Because of the presence of confounding, the unweighted GEE method gave nonsignificant regression estimates of γ1 for cumulative treatment effect, whether or not the covariates at intake were adjusted. Conversely, the MSM with stabilized weights gave the significant estimate of β1 for cumulative treatment. The difference between the unweighted and weighted estimates indicates a confounding effect by the time-dependent covariate Dit, which can be corrected by MSM to provide an unbiased estimate of causal effects. From our final model, we also found that the heroin users compared to users of other drugs would have a significantly shorter period of abstinence despite the cumulative treatment effect.

In drug abuse research, the cumulative effect of drug treatment has been investigated by methods such as structural equation models (e.g., Hser, Grella, et al., 1998). Although those methods may provide possibly significant estimates of cumulative treatment effects, they, like standard unweighted regression, are not based on the counterfactual outcomes and thus lack a causal interpretation for their estimates. In addition, the potential time-dependent confounding may not be eliminated by those methods.

Limitations

The longitudinal data for this study have been used in some of our previous studies (e.g., Hser, Evans, Huang, Brecht, & Li, 2008; Hser, Huang, Brecht, Li, & Evans, 2008). In this study, we aggregated the monthly records of the data into an annual dataset for analysis, and some loss of information may have resulted.

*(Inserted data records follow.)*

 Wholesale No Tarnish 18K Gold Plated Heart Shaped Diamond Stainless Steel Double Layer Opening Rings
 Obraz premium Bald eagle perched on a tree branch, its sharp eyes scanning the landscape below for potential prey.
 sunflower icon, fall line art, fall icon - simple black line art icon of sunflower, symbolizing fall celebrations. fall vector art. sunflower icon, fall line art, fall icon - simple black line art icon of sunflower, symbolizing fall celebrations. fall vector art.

Theoretically, the original monthly records could have been directly used for Dit or Ait in the analysis and the weighted MSM models could have handled this monthly data. However, our preliminary analysis of monthly data frequently encountered either complete separation or quasi-complete separation when the individual probabilities for the MSM weights were estimated by some parametric logistic models. The relatively low treatment participation in the months of the first 10 years following first use of primary drug could be a cause of the complete or quasi-complete separation. So, monthly records may not be appropriate for the MSM model in a drug abuse context. In our analysis, the complete or quasi-complete separation also happened when we included both Fi0 and Fi1 for the estimation of MSM weights. This is the reason that we selected Fi0 by a separate logistic regression and used it solely to estimate MSM weights.

Our results showed some degree of time-dependent confounding of drug use in the first 10 years, although this time-dependent confounding was not as strong as expected. For this article, we aggregated the longitudinal data in the first 10 years annually. Aggregation of the data based on every two or three years may provide stronger evidence for the time-dependent confounding of drug use and may be a better way of handling the data for the MSM model. Further exploration in this direction should be interesting.

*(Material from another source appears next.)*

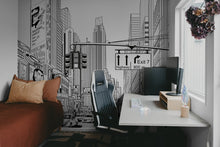 R10621 Cartoon City Panorama Mural by Rebel Walls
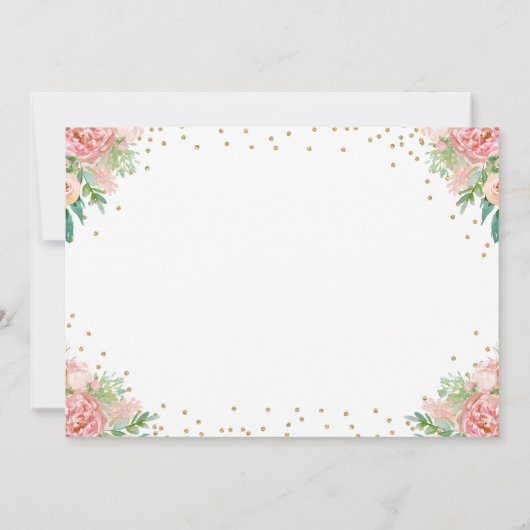 Roze Floral Little Deer First Birthday Foto Kaart (Achterkant)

For this article, we only selected the subjects who had 15 years of records for analysis and ignored the subjects who had a shorter history. Although MSM can handle the incomplete data due to the short history of subjects in some way (see Robins et al., 2000), it requires an assumption that the measured variables or covariates at each time point are sufficient to adjust for selection bias due to shorter history. Clearly, further investigation incorporating those subjects with a shorter history should be interesting.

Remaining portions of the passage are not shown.